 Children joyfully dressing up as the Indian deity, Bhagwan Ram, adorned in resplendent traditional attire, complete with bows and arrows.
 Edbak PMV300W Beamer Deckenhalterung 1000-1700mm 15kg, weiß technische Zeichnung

.....

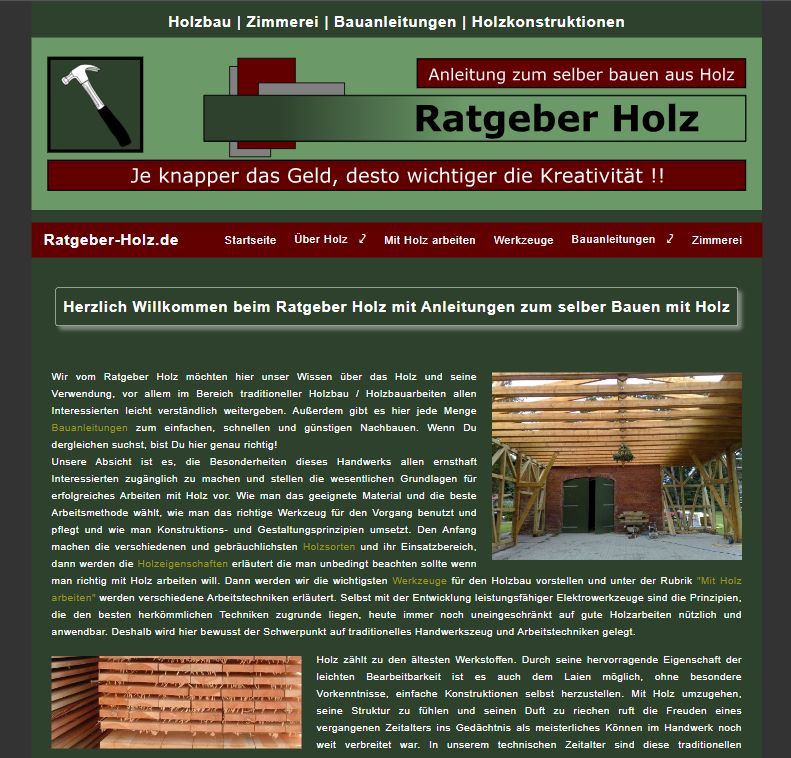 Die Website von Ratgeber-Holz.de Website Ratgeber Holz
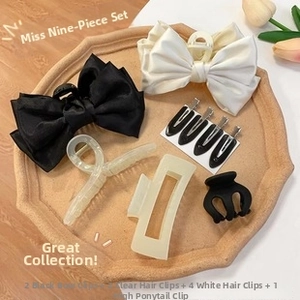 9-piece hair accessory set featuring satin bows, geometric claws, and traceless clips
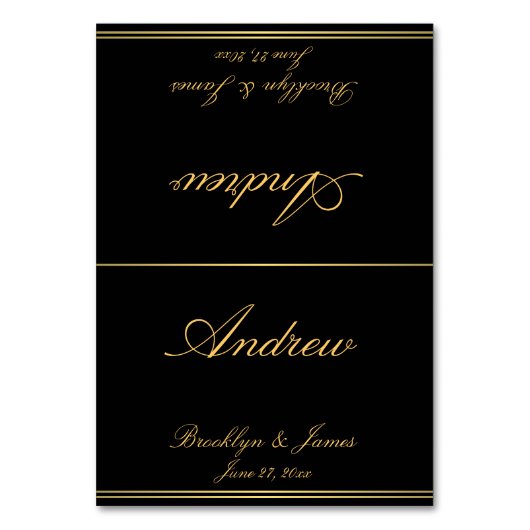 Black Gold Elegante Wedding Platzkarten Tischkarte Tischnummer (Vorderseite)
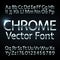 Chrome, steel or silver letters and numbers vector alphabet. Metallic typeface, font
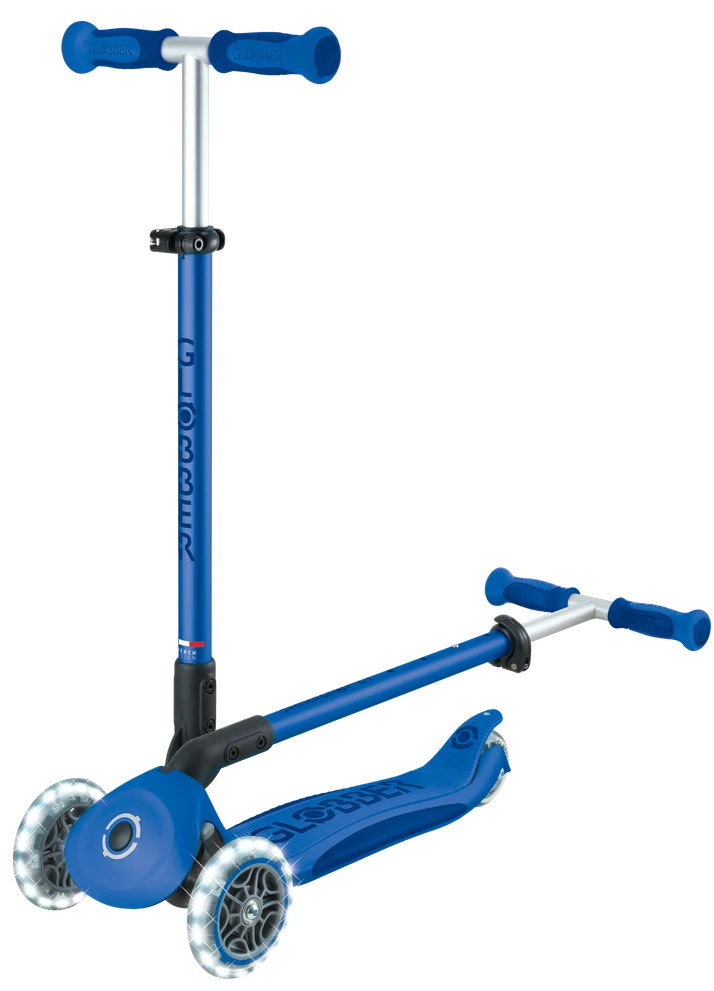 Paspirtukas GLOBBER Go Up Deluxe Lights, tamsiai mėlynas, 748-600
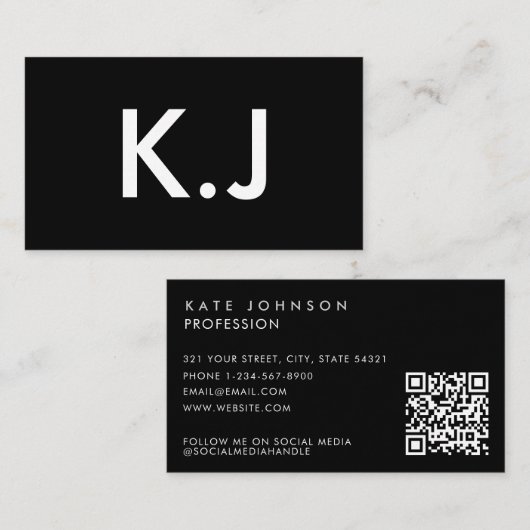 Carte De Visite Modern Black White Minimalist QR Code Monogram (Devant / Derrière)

.....

* **WORK TASK**
Print nothing but the lines above starting with the line that contains "Paspirtukas GLOBBER Go" and going on through the line that contains "Carte De Visite". Leave out the pictures.

* **PROBLEM SOLUTION**
 Paspirtukas GLOBBER Go Up Deluxe Lights, tamsiai mėlynas, 748-600
 Carte De Visite Modern Black White Minimalist QR Code Monogram (Devant / Derrière)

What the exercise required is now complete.